By Local Democracy Reporter
Steve Shaw

THE Government has announced it will be giving out a share of more than £3million to local authorities that have ports and will be affected by Brexit – but Thurrock is not on the list.

The Ministry of Housing, Communities and Local Government announced last week that a pot of money amounting to £3.14million will be shared between 19 authorities that have a major port to prepare for Brexit.

They will each receive £136,362 by the end of April but Thurrock will not be one of the beneficiaries, despite being home to the Port of Tilbury which is regarded as the principal port for London.

A Thurrock Council spokesperson said: “Thurrock Council is disappointed by this announcement. The council will be writing to MHCLG to understand the criteria on which the decision has been based and request that it is revisited in light of the national importance of the three Thurrock based ports.”

Among the authorities set to receive the funding are Dover, Folkestone and Hythe, Thanet, Hull, Portsmouth, Crawley and Southampton.

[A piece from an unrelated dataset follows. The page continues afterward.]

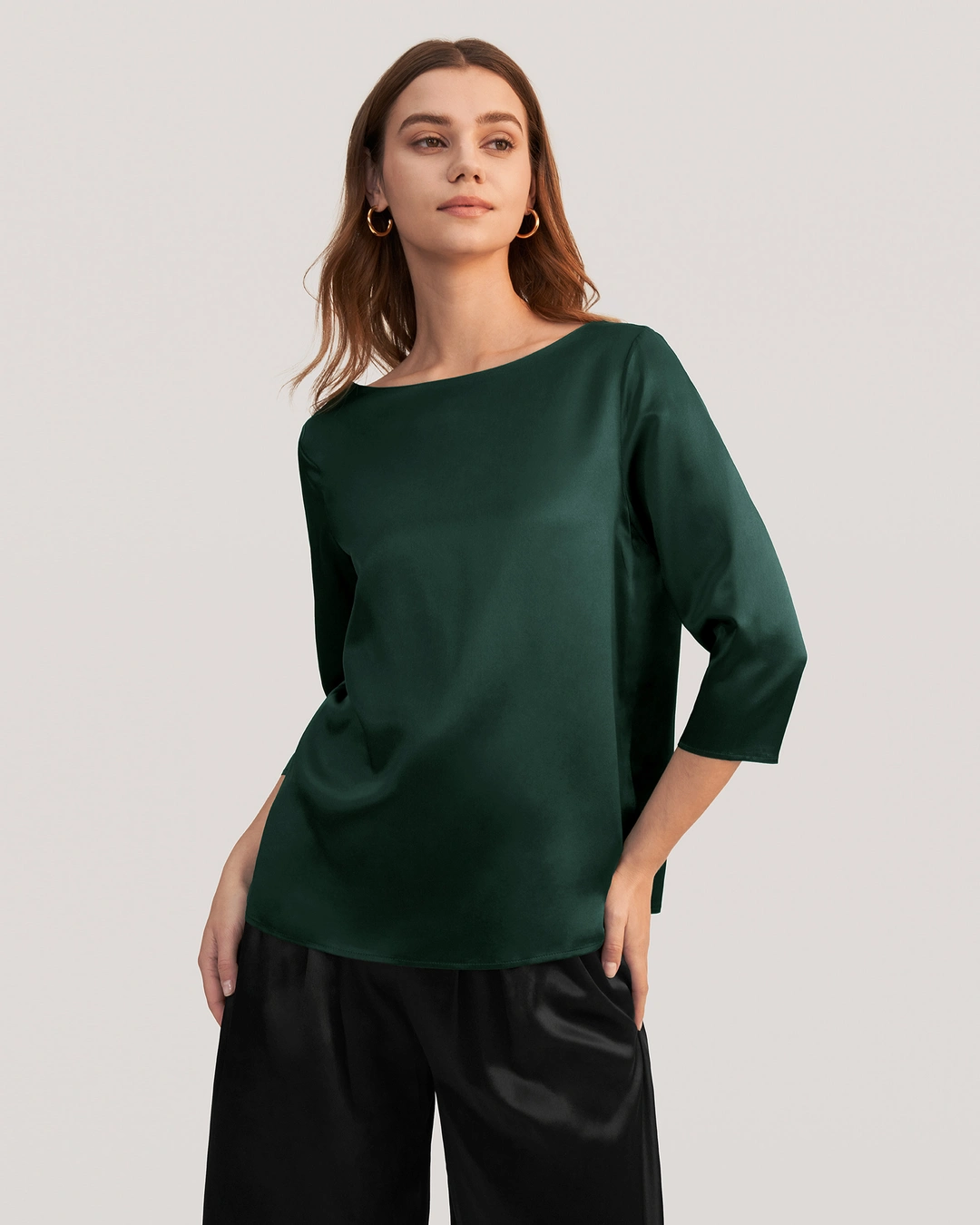 LILYSILK Blouse En Soie À Col Bateau Et Manches 3/4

Communities Secretary James Brokenshire said: “Local authorities have a critical role to play in making a success of Brexit.

“I am acutely aware a greater burden could be placed on the areas surrounding our ports. I have announced how we are allocating £3.14 million to those areas considered to be under the greatest pressure from Brexit.

“I will continue to take the situation under review, working closely with local leaders to ensure they are prepared to respond to Brexit.”

The extra money will be in addition to a share of the £56.5million that the Government has already promised to all local authorities.

The announcement was made on the same day that the Secretary of State for Transport approved a new multimillion-pound terminal at the Port of Tilbury, named Tilbury2.

It is expected to create 8,500 jobs in Thurrock over the next ten to 15 years and will be able to cope with growing demand for building materials, car imports and exports, and increase ferry traffic to carry consumer goods, food and drink and steel between Europe and the UK.

It is expected to be operational by Spring 2020.